When my kids were born I negotiated a 3/4 hour day and therefore only worked until about 2 p.m. I lived 5 minutes away from work and used to go home for lunch and to breastfeed the youngest, and I also pumped at work. The kids weren't in daycare - they were at home with a lovely paid child care provider, and my parents lived next door and would drop by often to visit (and check on things). The lady taking care of the kids was way more inclined to get down on the floor and play with my kids than I have ever been - it's just much more natural to her than it was to me. My kids were very attached to her, and even though she hasn't worked for us for about 6 years now, we still keep in touch. She likes to know what the kids are up to. My kids are also very attached to my parents. I am happy to know that if anything ever happened to DH and I, our kids would be OK - they know how to bond with others.

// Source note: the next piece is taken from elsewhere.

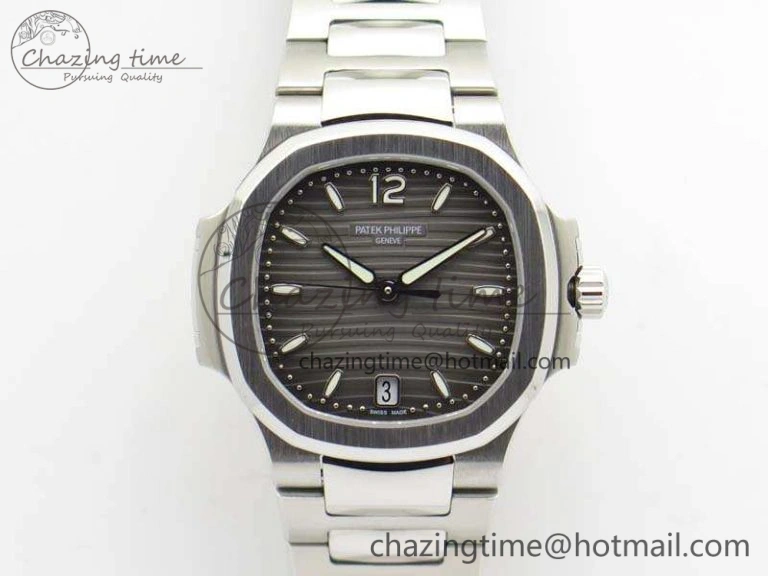 Nautilus Jumbo Ladies 7018 PF 1:1 Best Edition Gray Textured Dial On SS Bracelet A324 Clone Unisex 9036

DH's job ended several years ago and he had to decide whether to look for a new one of whether to chase his dream of opening his own business. He chose the latter, and this would not have been possible without my salary. The recession hit shortly afterwards and the business is still struggling. We need my salary now more than ever. I'm the one with a professional qualification, and will always be able to find a job - DH doesn't have much in the way of
Luckily, even though I work slightly longer now, my job is still completely flexible. I attend school events, I carpool with others so that some days I take the girls to ballet and gymnastics (and other days I don't have to). I take a car full to school in the morning as it's convenient for me, and I get my kids taken home in the afternoon (when they don't have an activity). On the days I'm not home from work yet they go to my parents - mum feeds them and then they do their homework. She volunteered for that - she likes having a close relationship with her grandkids. Two afternoons a week we have a cleaning lady come in to do all the laundry, ironing, mopping and other heavy stuff. This frees us up so we don't have as much work to do at home and can spend more time relaxing together as a family.

I like to think I have managed to organize my life so that I can provide for my family but the kids also get what they need.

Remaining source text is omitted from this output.